As one of the fathers of grid computing, Foster has brought his knowledge and experience to bear in a new book that addresses the potential for cloud (public and private) to accelerate scientific discovery. Written with co-author Dennis Gannon (Emeritus Professor of Computer Science at Indiana University Bloomington) “Cloud Computing for Science and Engineering” serves as “a guide to cloud computing for students, scientists, and engineers, with advice and many hands-on examples.”
Foster, senior scientist at Argonne National Laboratory and the University of Chicago, provides additional information about the book in a blog post:
Clouds operated by Amazon, Microsoft, Google, and others provide convenient on-demand access to storage and computing. They also provide powerful services for organizing data, processing data streams, machine learning, and many other tasks. Every scientist and engineer needs to understand what these services can and cannot do, and what the emergence of cloud means for their work. This book addresses that need, describing cloud computing and how you may apply it to advantage in science and engineering. It is highly practical, with many hands-on examples of how to use cloud to address specific problems that arise in technical computing. It provides actionable advice on how and when to apply cloud computing in your work.
The book covers cloud services for managing data, and how to program these services; computing in the cloud, from deploying single virtual machines or containers to supporting basic interactive science experiments to gathering clusters of machines to do data analytics; using the cloud as a platform for automating analysis procedures, machine learning, and analyzing streaming data; building your own cloud with open source software; and cloud security. It covers major services provided by the Amazon, Google, and Microsoft clouds and the research data management capabilities of the Globus cloud service. Two chapters by guest authors cover the Eucalyptus (Rich Wolski) and OpenStack (Stig Telfer) private cloud technologies. See the figure below and the Table of Contents for more information on what the book covers.

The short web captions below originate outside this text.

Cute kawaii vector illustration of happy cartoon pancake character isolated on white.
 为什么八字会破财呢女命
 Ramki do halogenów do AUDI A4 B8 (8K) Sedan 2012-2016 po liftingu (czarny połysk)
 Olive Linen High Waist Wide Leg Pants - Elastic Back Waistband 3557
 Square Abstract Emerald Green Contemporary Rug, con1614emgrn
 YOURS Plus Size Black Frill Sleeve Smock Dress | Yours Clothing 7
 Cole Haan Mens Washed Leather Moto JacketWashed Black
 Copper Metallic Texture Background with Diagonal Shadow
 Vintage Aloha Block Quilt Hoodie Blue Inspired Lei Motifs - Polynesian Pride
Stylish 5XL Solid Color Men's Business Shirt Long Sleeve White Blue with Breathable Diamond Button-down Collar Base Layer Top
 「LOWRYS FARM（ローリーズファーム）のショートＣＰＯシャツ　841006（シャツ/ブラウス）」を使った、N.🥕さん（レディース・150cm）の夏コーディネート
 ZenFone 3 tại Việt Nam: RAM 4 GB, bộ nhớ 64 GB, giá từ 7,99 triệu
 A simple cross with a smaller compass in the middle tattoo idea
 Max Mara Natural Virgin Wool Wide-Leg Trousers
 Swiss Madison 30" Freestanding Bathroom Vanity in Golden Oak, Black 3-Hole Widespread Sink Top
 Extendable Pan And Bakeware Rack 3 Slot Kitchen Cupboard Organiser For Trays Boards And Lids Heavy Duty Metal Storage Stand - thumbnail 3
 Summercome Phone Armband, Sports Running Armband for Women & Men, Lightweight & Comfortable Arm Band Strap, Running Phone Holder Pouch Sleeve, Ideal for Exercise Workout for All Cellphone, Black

The book was positively reviewed by Tony Hey, Chief Data Scientist, Science and Technology Facilities, Rutherford Appleton Lab. He writes, “Cloud computing has changed the corporate world dramatically in a few short years and is now about to play a major role in scientific and engineering applications. This very timely book by Foster and Gannon is both a comprehensive overview and a practical guide to the services offered by the three major public cloud providers, Amazon, Google, and Microsoft. It will be an invaluable resource for scientists and engineers in both industry and academia.”